[unit-testing] Database data needed in integration tests; created by API calls or using imported data?

3 Answers

In integration tests, you need to test with real database, as you have to verify that your application can actually talk to the database. Isolating the database as dependency means that you are postponing the real test of whether your database was deployed properly, your schema is as expected and your app is configured with the right connection string. You don't want to find any problems with these when you deploy to production.

You also want to test with both precreated data sets and empty data set. You need to test both path where your app starts with an empty database with only your default initial data and starts creating and populating the data and also with a well-defined data sets that target specific conditions you want to test, like stress, performance and so on.

Also, make sur that you have the database in a well-known state before each state. You don't want to have dependencies between your integration tests.

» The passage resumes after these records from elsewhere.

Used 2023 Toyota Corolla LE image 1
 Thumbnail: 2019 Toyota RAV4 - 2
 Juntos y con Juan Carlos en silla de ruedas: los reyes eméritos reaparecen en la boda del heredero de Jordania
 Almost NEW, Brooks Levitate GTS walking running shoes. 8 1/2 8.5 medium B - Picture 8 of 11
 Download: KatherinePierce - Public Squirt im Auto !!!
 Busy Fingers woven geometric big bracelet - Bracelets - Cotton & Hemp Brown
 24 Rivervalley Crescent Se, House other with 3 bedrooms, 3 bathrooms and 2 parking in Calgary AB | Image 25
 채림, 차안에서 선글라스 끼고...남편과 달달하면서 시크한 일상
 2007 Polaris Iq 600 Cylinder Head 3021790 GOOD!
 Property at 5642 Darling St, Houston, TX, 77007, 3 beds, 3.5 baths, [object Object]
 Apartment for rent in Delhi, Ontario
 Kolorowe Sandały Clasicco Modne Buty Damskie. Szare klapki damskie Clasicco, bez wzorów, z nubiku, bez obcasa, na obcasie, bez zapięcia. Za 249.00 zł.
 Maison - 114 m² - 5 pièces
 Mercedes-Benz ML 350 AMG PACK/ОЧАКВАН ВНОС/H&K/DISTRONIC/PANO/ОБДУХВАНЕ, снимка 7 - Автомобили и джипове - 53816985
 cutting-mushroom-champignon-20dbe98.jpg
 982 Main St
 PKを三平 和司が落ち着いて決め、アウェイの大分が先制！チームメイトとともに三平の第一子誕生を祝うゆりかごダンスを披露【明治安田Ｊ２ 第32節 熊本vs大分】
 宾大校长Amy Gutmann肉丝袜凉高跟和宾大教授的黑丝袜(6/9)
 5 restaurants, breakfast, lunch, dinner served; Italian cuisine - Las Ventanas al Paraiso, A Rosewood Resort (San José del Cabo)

This question is more or less programming language agnostic. However as I'm mostly into Java these days that's where I'll draw my examples from. I'm also thinking about the OOP case, so if you want to test a method you need an instance of that methods class.

A core rule for unit tests is that they should be autonomous, and that can be achieved by isolating a class from its dependencies. There are several ways to do it and it depends on if you inject your dependencies using IoC (in the Java world we have Spring, EJB3 and other frameworks/platforms which provide injection capabilities) and/or if you mock objects (for Java you have JMock and EasyMock) to separate a class being tested from its dependencies.

If we need to test groups of methods in different classes* and see that they are well integration, we write integration tests. And here is my question!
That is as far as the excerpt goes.